I'm writing an XML-transforming script with lxml, and I've run into
two unexpected behaviors:
First, ElementMaker doesn't accept the string results of xpath expressions:
>>> elem = etree.parse(io.StringIO('<root><node>text</node></root>'))
>>> E.b(elem.xpath('string(node)'))
Traceback (most recent call last):
File "<stdin>", line 1, in <module>
File "/opt/local/Library/Frameworks/Python.framework/Versions/3.2/lib/python3.2/site-packages/lxml/builder.py",
line 220, in __call__
raise TypeError("bad argument type: %r" % item)
TypeError: bad argument type: 'text'
>>> type(elem.xpath('string(node)'))
<class 'lxml.etree._ElementUnicodeResult'>
This happens because
https://github.com/lxml/lxml/blob/master/src/lxml/builder.py#L215
looks up the exact type of the argument in a dict, rather than doing
something that can respect _ElementUnicodeResult's inheritance from
str. Is this the right behavior for some reason I haven't thought of,
or is it just an oversight? The workaround is straightforward—just
pass the xpath result through str()—but it seems more verbose than
should be necessary.
Second, ElementMaker doesn't accept lists at all:
>>> etree.tostring(E.b(elem.xpath('node')))
Traceback (most recent call last):
File "<stdin>", line 1, in <module>
File "/opt/local/Library/Frameworks/Python.framework/Versions/3.2/lib/python3.2/site-packages/lxml/builder.py",
line 220, in __call__
raise TypeError("bad argument type: %r" % item)
TypeError: bad argument type: [<Element node at 0x106eb8d70>]
Accepting lists would also be useful for building HTML documents as
E.section("Header text", function_returning_element_sequence(),
"Footer text"). The workarounds for this are straightforward too:
>>> etree.tostring(E.b(elem.xpath('node')[0]))

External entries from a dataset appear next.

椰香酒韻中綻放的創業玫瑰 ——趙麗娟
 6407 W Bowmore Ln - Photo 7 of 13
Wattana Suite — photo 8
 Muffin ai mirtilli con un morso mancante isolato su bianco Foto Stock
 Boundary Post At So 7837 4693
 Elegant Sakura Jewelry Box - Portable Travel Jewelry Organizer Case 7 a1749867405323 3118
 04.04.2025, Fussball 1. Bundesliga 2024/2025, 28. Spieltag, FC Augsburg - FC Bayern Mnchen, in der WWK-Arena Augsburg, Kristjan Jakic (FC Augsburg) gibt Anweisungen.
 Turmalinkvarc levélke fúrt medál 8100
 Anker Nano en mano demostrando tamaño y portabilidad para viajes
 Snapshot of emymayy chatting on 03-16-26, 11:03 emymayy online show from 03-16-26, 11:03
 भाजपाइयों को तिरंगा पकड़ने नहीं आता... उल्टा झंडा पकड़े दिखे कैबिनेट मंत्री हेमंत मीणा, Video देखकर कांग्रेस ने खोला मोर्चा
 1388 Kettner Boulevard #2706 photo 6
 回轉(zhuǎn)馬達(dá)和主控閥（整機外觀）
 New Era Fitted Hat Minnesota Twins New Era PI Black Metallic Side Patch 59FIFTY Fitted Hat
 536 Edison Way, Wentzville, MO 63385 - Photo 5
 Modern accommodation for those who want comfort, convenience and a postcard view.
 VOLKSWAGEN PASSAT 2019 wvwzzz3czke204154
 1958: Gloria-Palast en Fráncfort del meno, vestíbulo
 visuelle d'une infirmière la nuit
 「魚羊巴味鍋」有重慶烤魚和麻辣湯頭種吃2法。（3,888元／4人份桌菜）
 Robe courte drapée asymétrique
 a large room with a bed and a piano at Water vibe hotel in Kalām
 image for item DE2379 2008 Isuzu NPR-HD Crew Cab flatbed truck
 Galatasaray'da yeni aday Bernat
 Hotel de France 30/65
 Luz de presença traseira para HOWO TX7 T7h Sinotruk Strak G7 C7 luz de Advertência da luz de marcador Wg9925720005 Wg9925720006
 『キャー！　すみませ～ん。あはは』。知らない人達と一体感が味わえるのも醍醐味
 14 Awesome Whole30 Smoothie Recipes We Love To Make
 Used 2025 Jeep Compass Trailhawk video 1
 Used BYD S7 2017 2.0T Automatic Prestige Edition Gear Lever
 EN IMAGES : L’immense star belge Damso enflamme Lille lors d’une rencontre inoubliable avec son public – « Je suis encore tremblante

b'<b><node>text</node></b>'
>>> etree.tostring(E.b(*elem.xpath('node')))
b'<b/>'
... oops. Looks like ElementMaker re-parents nodes passed to it rather
than copying them when they already have a parent. That's a third
surprise, although it makes sense if ElementMaker was only intended
for building entirely new documents, rather than copying bits from
existing documents.
This is with python-3.2.2, lxml-2.3.0, and libxml-2.7.8, Are these
worth filing bugs/feature requests about?
Thanks,
Jeffrey